Special tokens have been added in the vocabulary, make sure the associated word embeddings are fine-tuned or trained.
Loading LLaVA from base model...
/user/anaconda3/envs/mm_iglu_it/lib/python3.10/site-packages/huggingface_hub/file_download.py:1132: FutureWarning: `resume_download` is deprecated and will be removed in version 1.0.0. Downloads always resume when possible. If you want to force a new download, use `force_download=True`.
warnings.warn(
Loading checkpoint shards: 0%| | 0/4 [00:00<?, ?it/s]
Traceback (most recent call last):
File "/user/mm-iglu-it/./scripts/merge_lora_weights.py", line 22, in <module>
merge_lora(args)
File "/user/mm-iglu-it/./scripts/merge_lora_weights.py", line 8, in merge_lora
tokenizer, model, image_processor, context_len = load_pretrained_model(args.model_path, args.model_base, model_name, device_map='cpu')

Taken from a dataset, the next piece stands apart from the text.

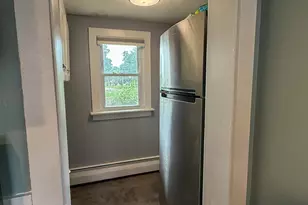 182 N Elm St, Manchester, CT 06042 - Photo 4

File "/user/mm-iglu-it/llava/model/builder.py", line 64, in load_pretrained_model
model = LlavaLlamaForCausalLM.from_pretrained(model_base, low_cpu_mem_usage=True, config=lora_cfg_pretrained, **kwargs)
File "/user/anaconda3/envs/mm_iglu_it/lib/python3.10/site-packages/transformers/modeling_utils.py", line 3682, in from_pretrained
) = cls._load_pretrained_model(
File "/user/anaconda3/envs/mm_iglu_it/lib/python3.10/site-packages/transformers/modeling_utils.py", line 4109, in _load_pretrained_model
new_error_msgs, offload_index, state_dict_index = _load_state_dict_into_meta_model(
File "/user/anaconda3/envs/mm_iglu_it/lib/python3.10/site-packages/transformers/modeling_utils.py", line 887, in _load_state_dict_into_meta_model
set_module_tensor_to_device(model, param_name, param_device, **set_module_kwargs)

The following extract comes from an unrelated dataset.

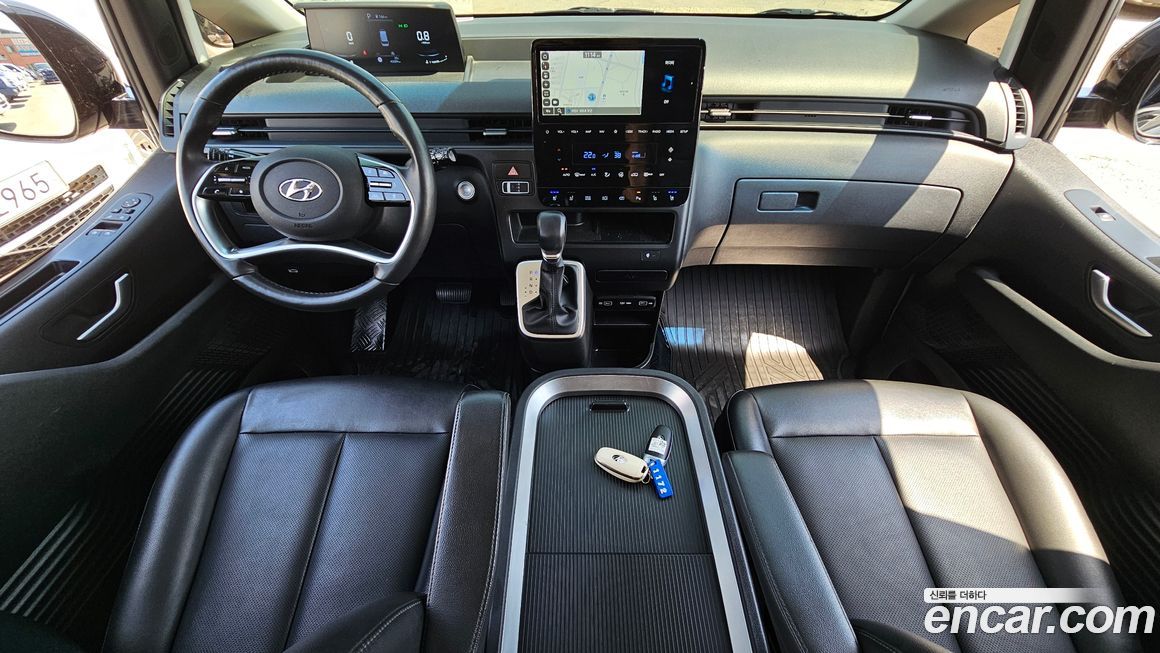 Hyundai Staria 2023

File "/user/anaconda3/envs/mm_iglu_it/lib/python3.10/site-packages/accelerate/utils/modeling.py", line 348, in set_module_tensor_to_device
raise ValueError(
ValueError: Trying to set a tensor of shape torch.Size([128257, 4096]) in "weight" (which has shape torch.Size([128256, 4096])), this look incorrect.

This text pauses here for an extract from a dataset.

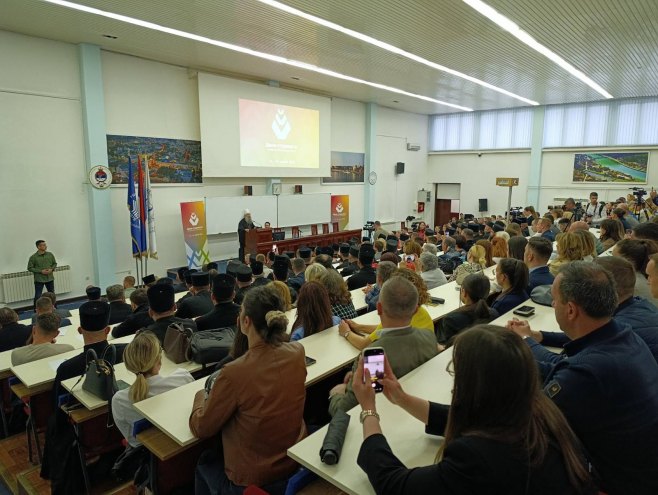 Патријарх Порфирије на Правном факултету - Фото: РТРС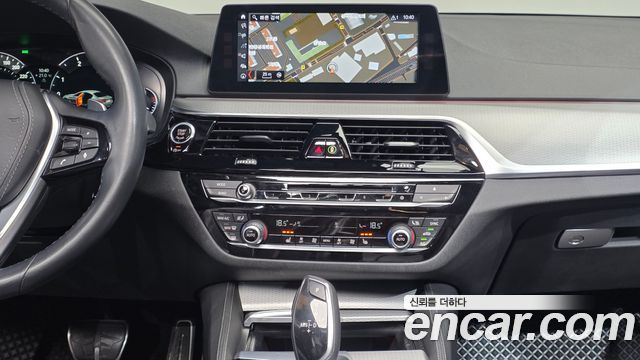 BMW 5-Series 2018 — photo 18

Finally, I even tried using the adapters (without merging) with the following script but I get the same identical error. The file llava/eval/test_llava.py is very similar to the inference script from the original LLaVA repo, but I made very little changes for my convenience (such as --prompt-version, --input-file-path, etc.).
TESTING CODE
# !/bin/bash
##################################### MODEL #####################################
PROMPT_VERSION="llama3"
MODEL_NAME="llava-LLaVA-Meta-Llama-3-8B-Instruct-FT-lora"
MODEL_BASE="LLaVA-Meta-Llama-3-8B-Instruct-FT"
################################## CHOOSE CUDA ##################################
export CUDA_VISIBLE_DEVICES=0
echo "CUDA is" ${CUDA_VISIBLE_DEVICES}
###################################### END ######################################
#################################### TESTING ####################################
deepspeed ./llava/eval/test_llava.py \
--model-path ./checkpoints/$MODEL_NAME \
--model-base /user/hf_models/$MODEL_BASE \
--model-name $MODEL_NAME \
--prompt-version $PROMPT_VERSION \
--input-file-path ./data/test.json \
--image-path ./data/images
Do you have any idea what I am doing wrong? I can't find anything online.